Any organization looking to attract more customers needs to have a plan in place and ready to execute for the eventuality that its growth initiatives will succeed. This is particularly true when you’re talking about on-premises IT infrastructure, and even more critical when you’re talking about your CRM system or if you’re choosing a new CRM.

What to Do When Your Customer Base Doubles in One Month?

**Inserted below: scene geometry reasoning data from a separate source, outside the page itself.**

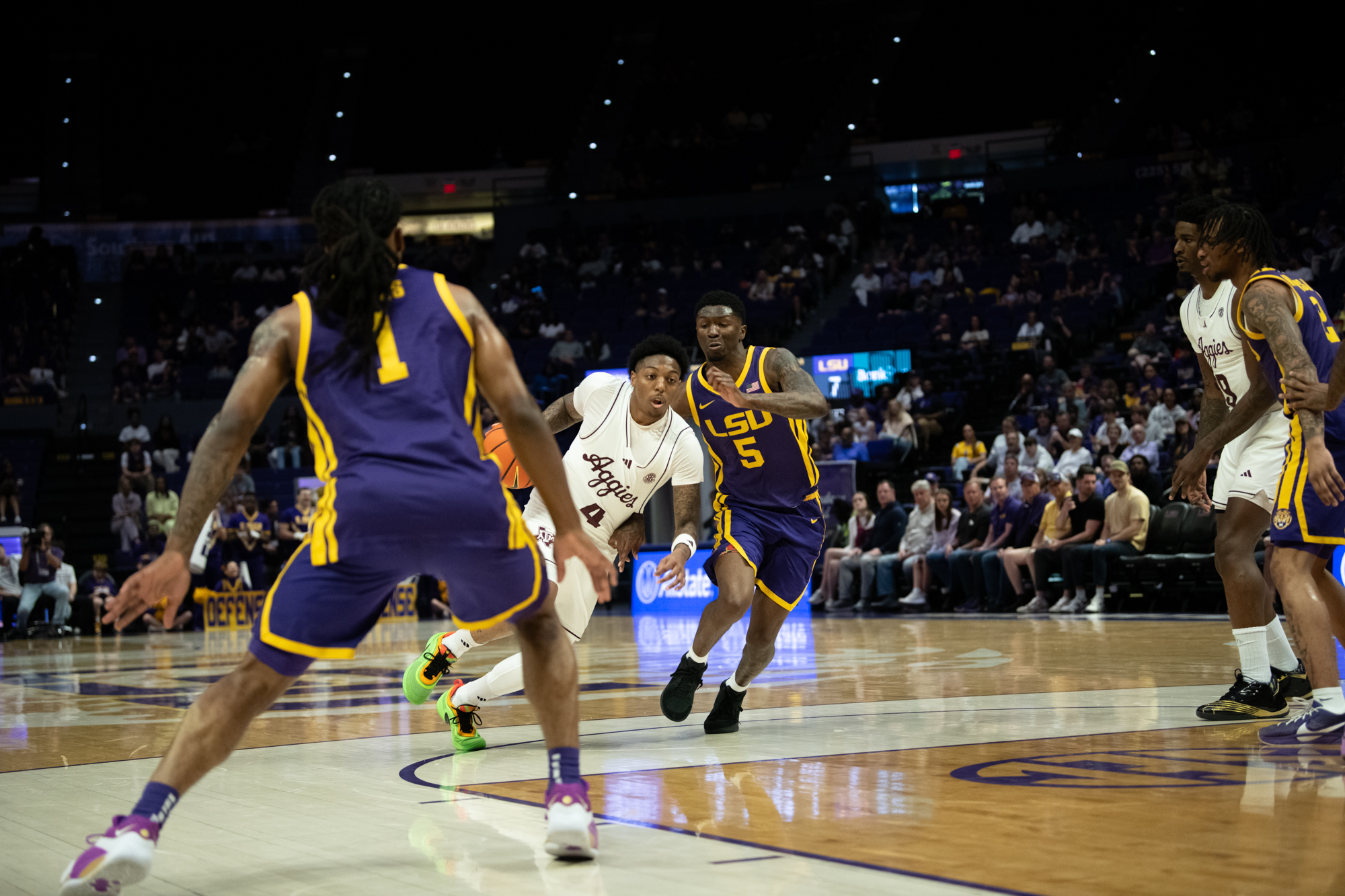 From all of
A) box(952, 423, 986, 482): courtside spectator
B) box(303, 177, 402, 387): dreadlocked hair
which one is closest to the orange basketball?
box(303, 177, 402, 387): dreadlocked hair

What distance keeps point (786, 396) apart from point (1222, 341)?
1860mm

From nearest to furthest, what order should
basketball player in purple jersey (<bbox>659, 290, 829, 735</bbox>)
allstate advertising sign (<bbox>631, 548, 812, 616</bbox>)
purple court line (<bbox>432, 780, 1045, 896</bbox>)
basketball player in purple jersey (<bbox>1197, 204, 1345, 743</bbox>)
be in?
purple court line (<bbox>432, 780, 1045, 896</bbox>) → basketball player in purple jersey (<bbox>1197, 204, 1345, 743</bbox>) → basketball player in purple jersey (<bbox>659, 290, 829, 735</bbox>) → allstate advertising sign (<bbox>631, 548, 812, 616</bbox>)

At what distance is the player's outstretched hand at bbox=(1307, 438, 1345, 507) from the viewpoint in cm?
426

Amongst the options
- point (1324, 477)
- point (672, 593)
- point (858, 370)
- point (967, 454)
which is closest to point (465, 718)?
point (1324, 477)

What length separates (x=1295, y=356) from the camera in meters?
4.61

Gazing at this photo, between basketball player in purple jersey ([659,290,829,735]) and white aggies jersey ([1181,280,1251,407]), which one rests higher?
white aggies jersey ([1181,280,1251,407])

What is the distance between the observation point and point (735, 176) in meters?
27.7

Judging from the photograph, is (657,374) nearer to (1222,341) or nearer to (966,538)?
(1222,341)

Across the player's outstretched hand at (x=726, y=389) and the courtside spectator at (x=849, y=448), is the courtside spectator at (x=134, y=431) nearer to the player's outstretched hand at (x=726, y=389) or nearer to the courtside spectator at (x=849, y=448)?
the courtside spectator at (x=849, y=448)

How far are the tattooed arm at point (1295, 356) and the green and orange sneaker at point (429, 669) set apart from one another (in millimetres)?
3225

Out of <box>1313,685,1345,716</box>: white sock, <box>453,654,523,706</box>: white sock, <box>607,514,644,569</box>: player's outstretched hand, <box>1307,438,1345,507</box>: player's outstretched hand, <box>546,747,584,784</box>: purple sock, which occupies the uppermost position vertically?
<box>1307,438,1345,507</box>: player's outstretched hand

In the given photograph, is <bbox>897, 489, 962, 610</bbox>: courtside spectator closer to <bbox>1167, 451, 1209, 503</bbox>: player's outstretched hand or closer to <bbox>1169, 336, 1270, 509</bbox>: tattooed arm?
<bbox>1169, 336, 1270, 509</bbox>: tattooed arm

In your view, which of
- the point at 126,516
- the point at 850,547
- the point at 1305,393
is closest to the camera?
the point at 1305,393

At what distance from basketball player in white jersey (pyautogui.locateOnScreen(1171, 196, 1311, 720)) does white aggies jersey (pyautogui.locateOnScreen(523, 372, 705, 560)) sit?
2009 mm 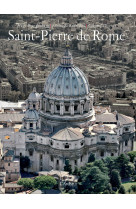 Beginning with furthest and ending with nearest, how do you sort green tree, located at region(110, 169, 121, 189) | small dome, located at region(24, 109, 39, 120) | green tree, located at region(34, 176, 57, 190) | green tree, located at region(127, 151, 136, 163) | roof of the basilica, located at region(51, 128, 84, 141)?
green tree, located at region(127, 151, 136, 163), small dome, located at region(24, 109, 39, 120), roof of the basilica, located at region(51, 128, 84, 141), green tree, located at region(110, 169, 121, 189), green tree, located at region(34, 176, 57, 190)

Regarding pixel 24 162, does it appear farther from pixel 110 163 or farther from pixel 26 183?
pixel 110 163

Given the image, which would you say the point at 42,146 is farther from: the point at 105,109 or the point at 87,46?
the point at 87,46

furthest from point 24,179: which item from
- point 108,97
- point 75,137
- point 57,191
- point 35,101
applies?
point 108,97

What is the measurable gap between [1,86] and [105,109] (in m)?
22.8

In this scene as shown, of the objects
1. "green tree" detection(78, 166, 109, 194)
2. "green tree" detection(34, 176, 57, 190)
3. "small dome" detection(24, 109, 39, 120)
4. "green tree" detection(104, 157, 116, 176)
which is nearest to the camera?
"green tree" detection(34, 176, 57, 190)

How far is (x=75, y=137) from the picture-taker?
65688mm

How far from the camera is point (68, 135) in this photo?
6581 centimetres

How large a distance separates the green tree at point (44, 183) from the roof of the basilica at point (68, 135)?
6.34 meters

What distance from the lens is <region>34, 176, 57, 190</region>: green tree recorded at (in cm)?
5981

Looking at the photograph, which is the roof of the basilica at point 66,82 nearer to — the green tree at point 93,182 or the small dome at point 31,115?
the small dome at point 31,115

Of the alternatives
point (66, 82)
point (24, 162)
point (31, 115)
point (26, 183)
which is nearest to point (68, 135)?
point (31, 115)

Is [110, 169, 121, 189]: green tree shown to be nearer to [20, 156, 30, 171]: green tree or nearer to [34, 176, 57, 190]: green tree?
[34, 176, 57, 190]: green tree

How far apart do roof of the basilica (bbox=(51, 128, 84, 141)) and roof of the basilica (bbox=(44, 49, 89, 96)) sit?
14.8 ft

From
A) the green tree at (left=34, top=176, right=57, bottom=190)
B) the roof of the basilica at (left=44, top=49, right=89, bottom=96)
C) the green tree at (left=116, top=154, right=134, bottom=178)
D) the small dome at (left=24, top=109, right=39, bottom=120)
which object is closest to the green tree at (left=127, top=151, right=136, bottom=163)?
the green tree at (left=116, top=154, right=134, bottom=178) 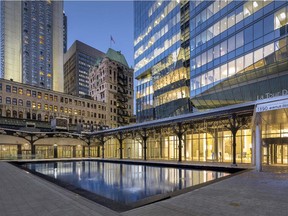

An already high volume customer of ours was anticipating a 200-300% increase in transactional traffic to their web portal due to a confluence of their marketing efforts along with the end of an existing financial incentive. They approached us with this news about 3 months before the anticipated traffic spike so that we could put in place a plan to mitigate the risks and ensure a great customer experience throughout this period of unusually high traffic. The first thing we did was load test the system to identify the potential system bottlenecks based on simulated portal traffic. With this information we determined that they needed a high-performance, highly-available, yet cost effective load balancing platform that was compatible with Microsoft Dynamics CRM. After substantial research and additional load testing we settled on the KEMP Technologies load balancing platform because it provides rock-solid performance at a price point that won’t break the bank. For more details of why we chose KEMP see the section entitled Why KEMP? later on in this article.

Who Needs Load Balanced Hosting for CRM?

Not every organization running Microsoft Dynamics CRM needs a load balanced setup – and those that do need load balancing require it for different reasons. Given the components in our typical customer deployments, we’ve identified 2 major areas that present performance chokepoints that can be addressed using KEMP’s load balancing technology: web servers and CRM servers.

Figure 1: Basic high volume customer deployment.

Web Server (CRM Portals)

In our basic high volume customer deployments, the customer portal is hosted on its own web server as an application running in IIS (Internet Information Services). The portal IIS application is the first area that can present a performance chokepoint. When there’s a high volume of portal traffic to a single IIS web site, the application pool running the portal application will get bogged down with IIS garbage collection processes, resulting in failures and poor performance.

Since the chokepoint is the application pool and not the web server itself, the first level of mitigation is to deploy more portal mirror applications with new application pools in IIS on the same server and load balance traffic between those mirrors using a simple DNS round-robin load balancing approach. Round-robin DNS load balancing is a free or extremely low cost method of distributing traffic between one or more web applications when it doesn’t really matter which mirror a user is sent to. If performance issues persist, the second level of mitigation is to deploy additional portal mirrors on multiple web servers. This distributes the load across multiple portal applications running on multiple web servers, creating redundancy at the portal mirror level and the web server level.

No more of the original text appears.